何かあれば挙動不審に取り乱し、挙句の果てに自分からボロを出す。
だから――
何かやましいことがあるとすぐにわかる。
百合子「…お先に失礼します。」
津軽「あれ、ウサちゃん。もう帰るの?」
百合子「え、はい。今日はちょっと用事が…」
ここのところずっとこれだ。
仕事が終わると我先にと帰る。
その用事の相手は俺じゃない。
なんなら、俺の誘いを断ってまで優先することなのだ。
ふと、この間送られてきたLIDEを思い出す。
百合子『歩さん!すみません!!その日はちょっと用事があって…!!!
別の日に埋め合わせするので何卒!!!!!』
感嘆符を多用して、おまけにいつも使う土下座するクマのスタンプを乱用して、勢いで押し切るように。

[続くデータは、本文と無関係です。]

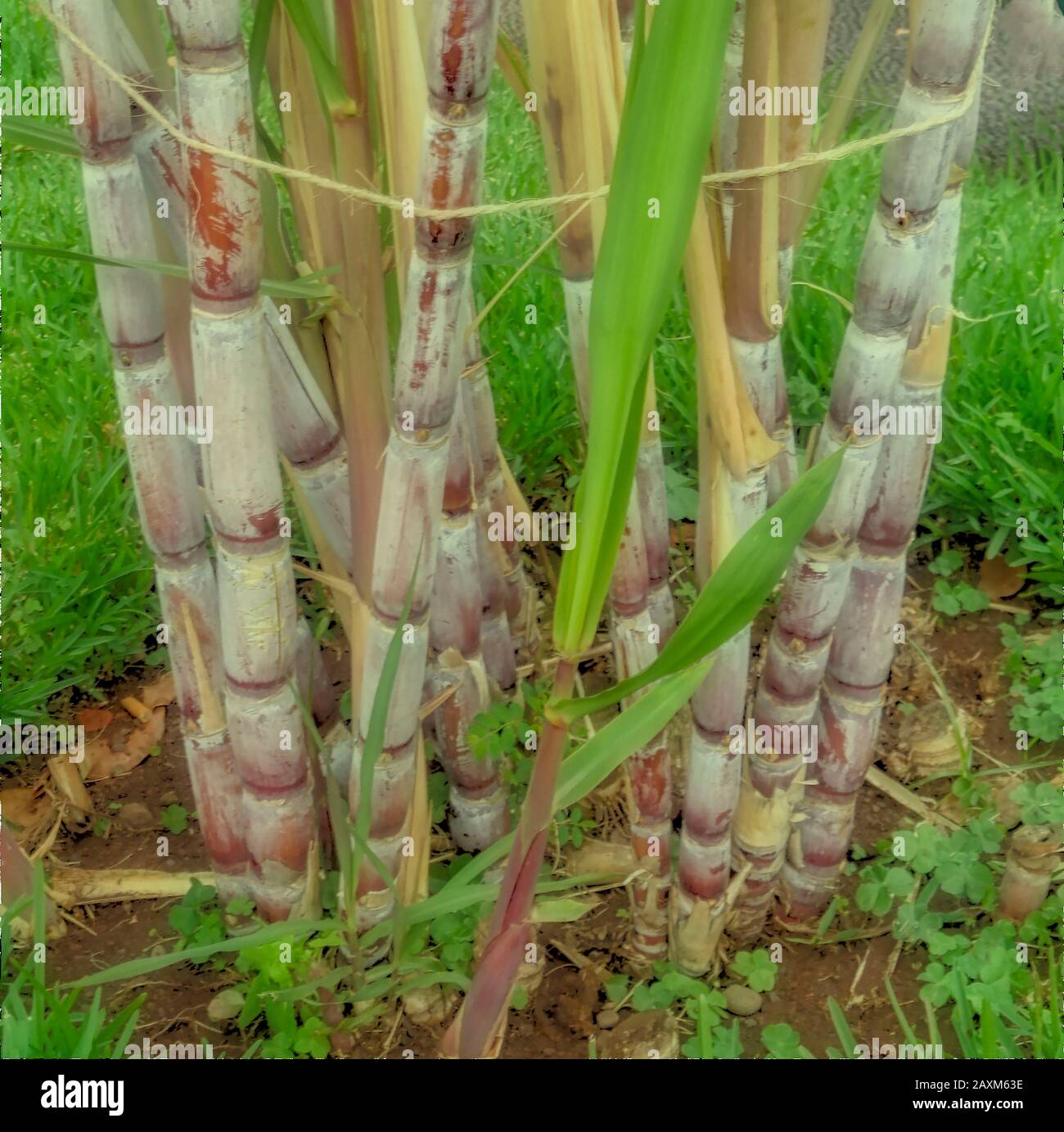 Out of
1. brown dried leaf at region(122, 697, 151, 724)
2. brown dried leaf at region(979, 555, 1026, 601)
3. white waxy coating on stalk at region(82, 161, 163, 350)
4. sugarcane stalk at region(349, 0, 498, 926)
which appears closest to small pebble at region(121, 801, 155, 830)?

だんだんとこちらばかりが会いたがっているように思えて、誘う気も失せてしまった。
(いつもはうざいくらいに会いたがるくせに。)
珍しく断られたのもあって、なんとなく腑に落ちない。
しかし、そうまでして断る何かが彼女にはあるようだった。
(まあ、カマをかければすぐにわかりそうだけど。)
そそくさと走り去る彼女の後ろ姿を横目に、PCの画面に意識を移そうとする。
津軽「なーんか怪しいよねえ。」
東雲「…何がですか」
津軽「ウサちゃん。あんなに急いで帰っちゃって。しかも毎日。
歩くん、何か知らない?」
東雲「なんで俺に聞くんですか?」
津軽「だって、元補佐官じゃない。仲いいでしょ。」
東雲「ただの腐れ縁ですよ。」
津軽「ふーん」
津軽さんは、かすかに目を細めた。
この人は薄々気付いているのかもしれない。
かといって、自分からばらすようなマネしないけど。
(ていうか、あの子が何してるかなんて俺が知りたいし。)
作業を終え、PCの電源をシャットダウンする。
帰り支度をしながら、どう問い詰めるか考えていると――
津軽「もしかして――」
津軽「彼氏なんじゃないかな、あれ」
津軽さんを一瞥する。
こちらの反応をうかがうように笑みを浮かべている。
(…こういうのは関わらないのが一番。)
東雲「そうかもしれないですね。」
お先に失礼します、とその場を立ち去る。
2
(あの子が浮気ね…。)
普段うざいくらいラブコールを送ってくるあの馬鹿にそんな器用なことできるはずない。
となると、別の何かを隠しているということになる。
俺に言えないようなこと。
別に知りたいわけじゃないが、隠されるとなんとなく気になる。
というより、どうせばれるくせに隠し事をしているということに腹が立つ。
一人悶々と考えながら歩いていると、向かいに見知った顔を見つける。
(宮山…。)
公安学校の教え子、宮山だった。
向こうも気づいたようで、会釈してくる。
宮山「お疲れ様です。今帰りですか?」
東雲「まあね。そっちは?」
宮山「俺もです。今日はこっちの方に用事があったんで。」
正直、宮山のことなんてどうでもよかった。
それよりもあの子にどう吐かせるかだ。
ああでもないこうでもないと思案しつつ、世間話を適当に聞き流していると――
宮山「そういえば、東雲教官も先輩から送られてきました?」
東雲「何を?」
宮山「何って、猫の写真ですよ。」
東雲「……。」
宮山「もしかして、きてないんですか?」
宮山は少しだけ勝ち誇ったような顔をした。
大方、自分だけがあの子との秘密を共有していることで優越感にでも浸っているのだろう。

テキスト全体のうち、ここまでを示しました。